WHAT YOU ARE ASKED TO DO:
Copy the lines below exactly. No picture goes into the copy.

DATASET SECTION:
================================
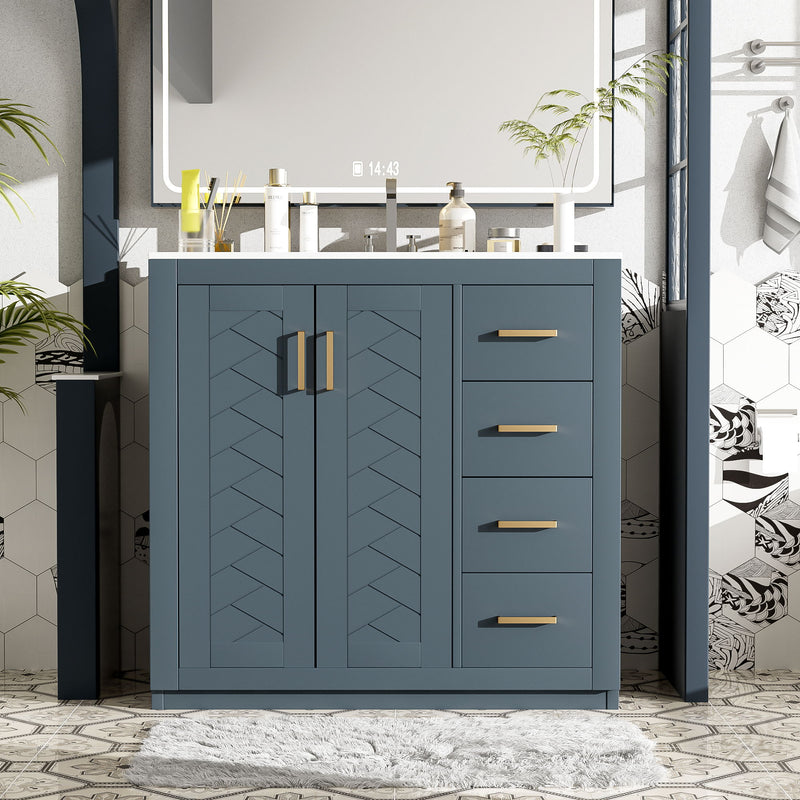 Blue bathroom vanity with two doors, three drawers, and gold bar pulls in a bathroom setup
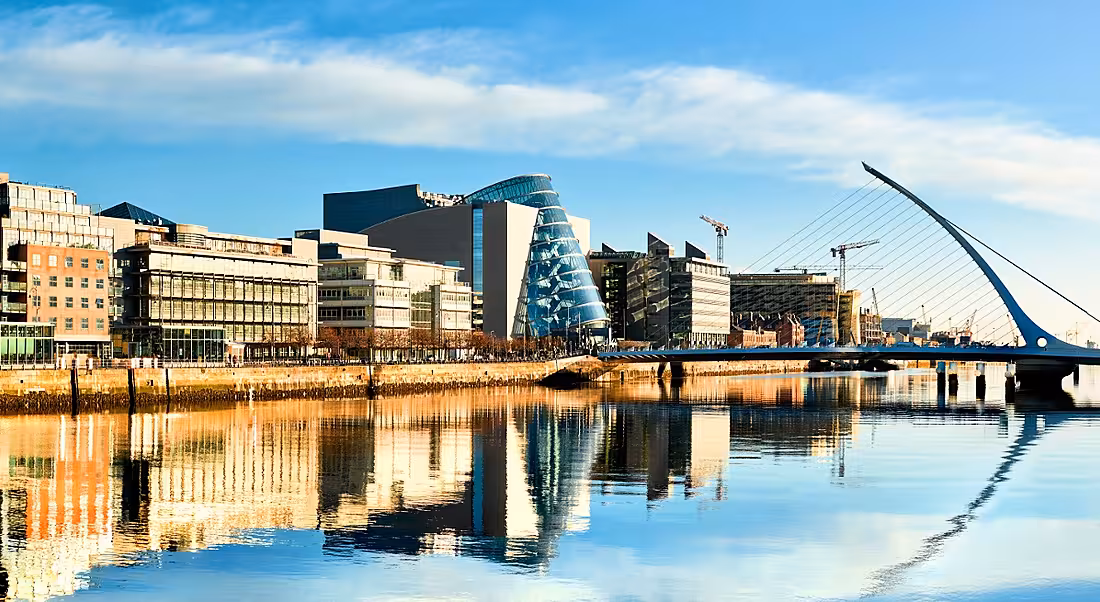 Modern buildings and offices along the River Liffey in Dublin on a bright sunny day.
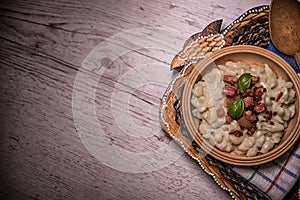 Slovak traditional dishes potato gnocchi with sheep`s cheese, on a wooden table laid on the table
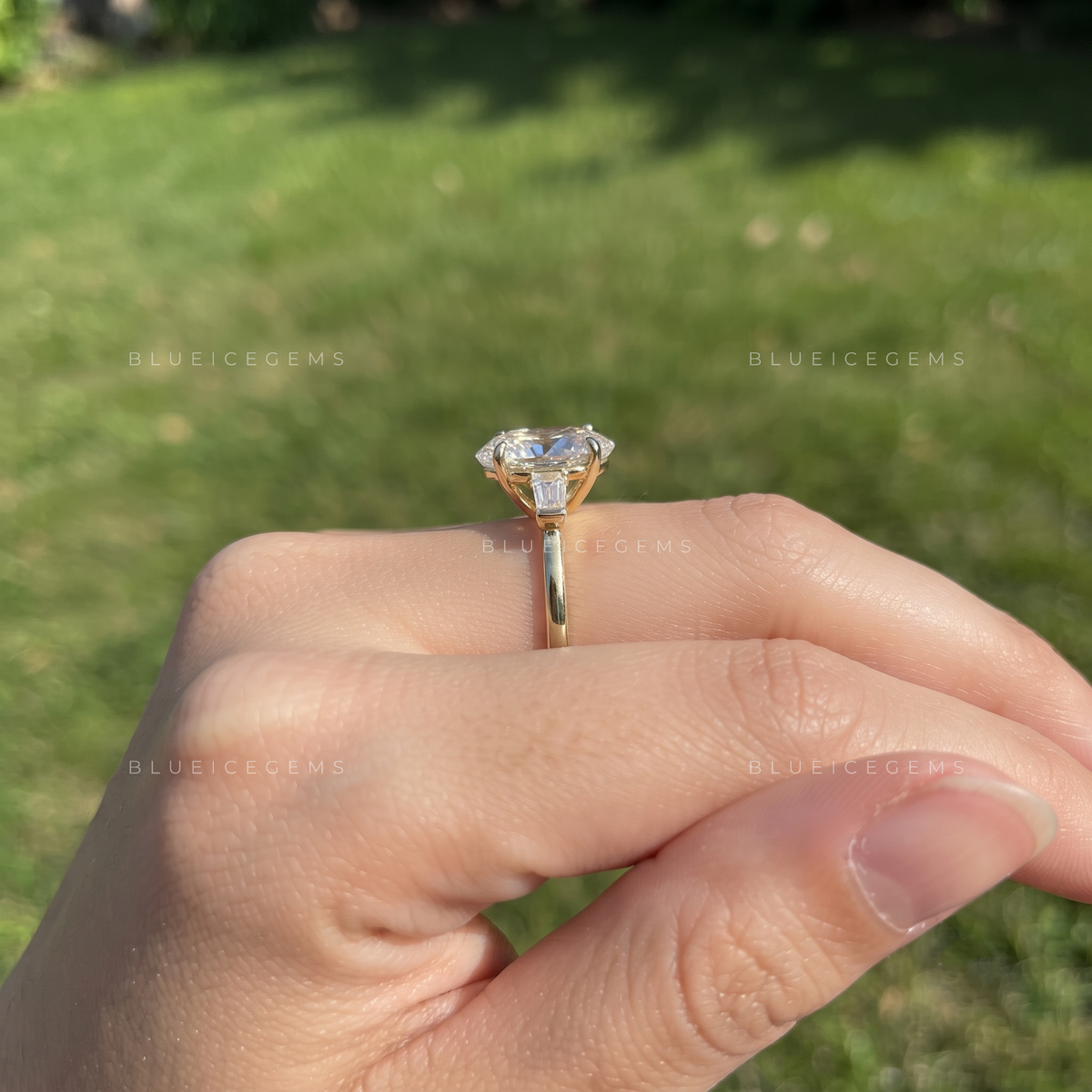 Moval Grace Three-Stone Tapered Baguette Engagement Ring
================================
WORKED SOLUTION:
 Blue bathroom vanity with two doors, three drawers, and gold bar pulls in a bathroom setup
 Modern buildings and offices along the River Liffey in Dublin on a bright sunny day.
 Slovak traditional dishes potato gnocchi with sheep`s cheese, on a wooden table laid on the table
 Moval Grace Three-Stone Tapered Baguette Engagement Ring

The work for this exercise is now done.